Les nuits à l’hôtel et les kilomètres, il risque de continuer à en avaler au Chainon. Car derrière le festival, il y a un réseau, fédérant 250 salles de spectacles à travers la France. Ces diffuseurs, regroupés en huit fédérations régionales, repèrent des artistes de leur territoire, qu’ils programment lors des festivals « Région en scène », organisés de janvier à mai. À peine recruté, Benoît a donc sillonné la France, d’Ajaccio au Havre, à raison de huit spectacles quotidiens. À partir de ces pré-sélections régionales, il a façonné près de la moitié de la programmation 2014 du festival.

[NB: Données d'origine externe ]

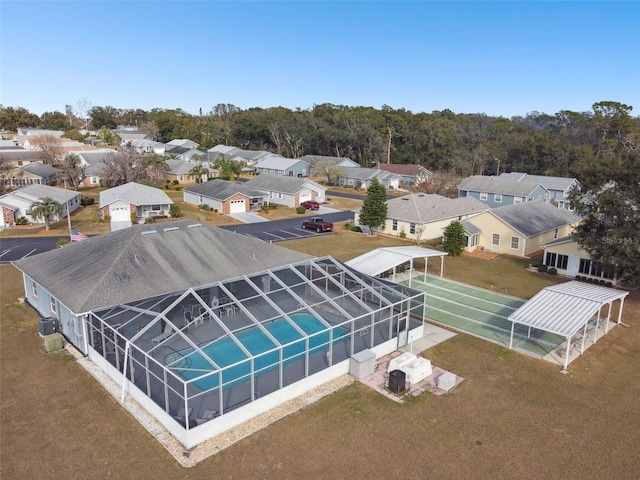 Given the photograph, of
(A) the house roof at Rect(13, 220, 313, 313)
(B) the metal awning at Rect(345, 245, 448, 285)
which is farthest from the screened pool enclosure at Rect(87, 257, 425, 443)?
(B) the metal awning at Rect(345, 245, 448, 285)

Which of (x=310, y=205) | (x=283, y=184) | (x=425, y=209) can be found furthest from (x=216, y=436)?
(x=283, y=184)

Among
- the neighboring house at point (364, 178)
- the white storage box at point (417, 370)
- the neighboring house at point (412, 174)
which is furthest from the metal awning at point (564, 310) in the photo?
the neighboring house at point (412, 174)

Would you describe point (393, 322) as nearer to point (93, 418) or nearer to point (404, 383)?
point (404, 383)

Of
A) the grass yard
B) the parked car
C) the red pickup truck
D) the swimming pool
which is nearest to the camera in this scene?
the grass yard

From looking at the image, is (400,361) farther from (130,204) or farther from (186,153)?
(186,153)

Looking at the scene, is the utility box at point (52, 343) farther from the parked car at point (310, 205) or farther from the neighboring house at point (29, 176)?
the neighboring house at point (29, 176)

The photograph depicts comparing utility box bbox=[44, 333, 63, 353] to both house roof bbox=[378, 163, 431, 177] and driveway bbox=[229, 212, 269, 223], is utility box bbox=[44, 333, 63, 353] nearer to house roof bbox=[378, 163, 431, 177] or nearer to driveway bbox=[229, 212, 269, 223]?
driveway bbox=[229, 212, 269, 223]

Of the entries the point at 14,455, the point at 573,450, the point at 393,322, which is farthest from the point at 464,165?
the point at 14,455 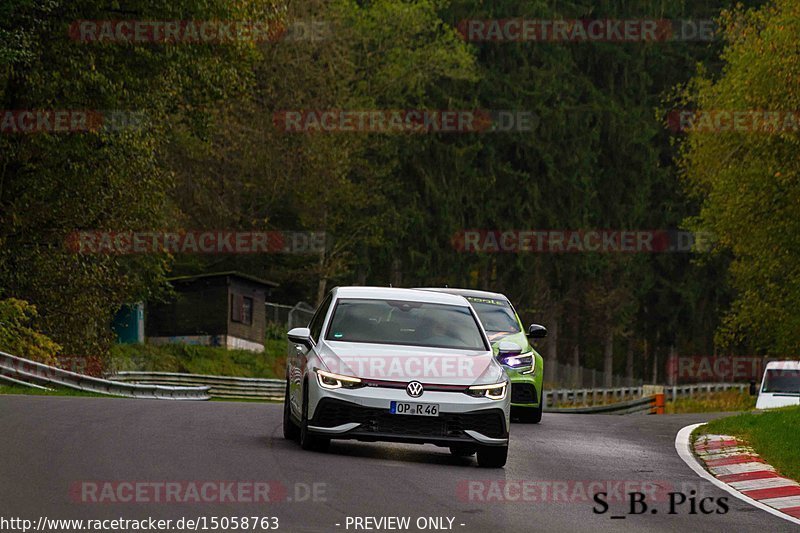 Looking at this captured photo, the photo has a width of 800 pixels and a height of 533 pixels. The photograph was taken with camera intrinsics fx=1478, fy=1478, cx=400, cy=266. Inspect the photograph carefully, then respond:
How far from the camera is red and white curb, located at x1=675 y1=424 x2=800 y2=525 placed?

Le reste des artistes de cette édition, il l’a pioché parmi les nombreux spectacles et festivals qu’il arpente depuis son arrivée, aiguillé notamment par les conseils avisés de quelques programmateurs spécialisés en art de rue ou musiques actuelles. « C’est complètement illusoire de croire qu’on peut être spécialiste de tous les domaines artistiques. »
Hyper sollicité par les artistes et bookeurs – « en période pleine, je reçois 30 ou 40 mails de démarchage par jour » – le programmateur doit aussi faire face à la pression, certes amicale mais bien réelle, des professionnels adhérents du réseau Chainon, qui ont « tous des coups de coeur ou des spectacles qu’ils ont co-produits et qu’ils ont envie de pousser ». Mais le dernier mot lui appartient. « J’essaie de conserver une certaine distance avec les artistes comme avec les pros. Si tu rentres dans l’affectif, tu es foutu. »
Et face à l’avalanche de propositions qu’il reçoit, quels critères guident ses choix ? Des éléments objectifs d’abord, comme le niveau de structuration de la compagnie ou du groupe – « Le Chainon est un festival axé sur la découverte. Mais en même temps, on y programme des artistes qui ont déjà un vécu, et très rarement des débutants » -, ou l’adéquation des spectacles avec les capacités d’accueil des structures adhérentes du réseau, « constitué essentiellement des petits lieux ».
Mais le critère essentiel demeure subjectif : « il faut que je ressente quelque chose, une émotion, un coup de coeur. C’est le spectacle qui décide, qui déclenche l’envie… Comme disait Brumachon : c’est l’oeuvre qui fait sésame ».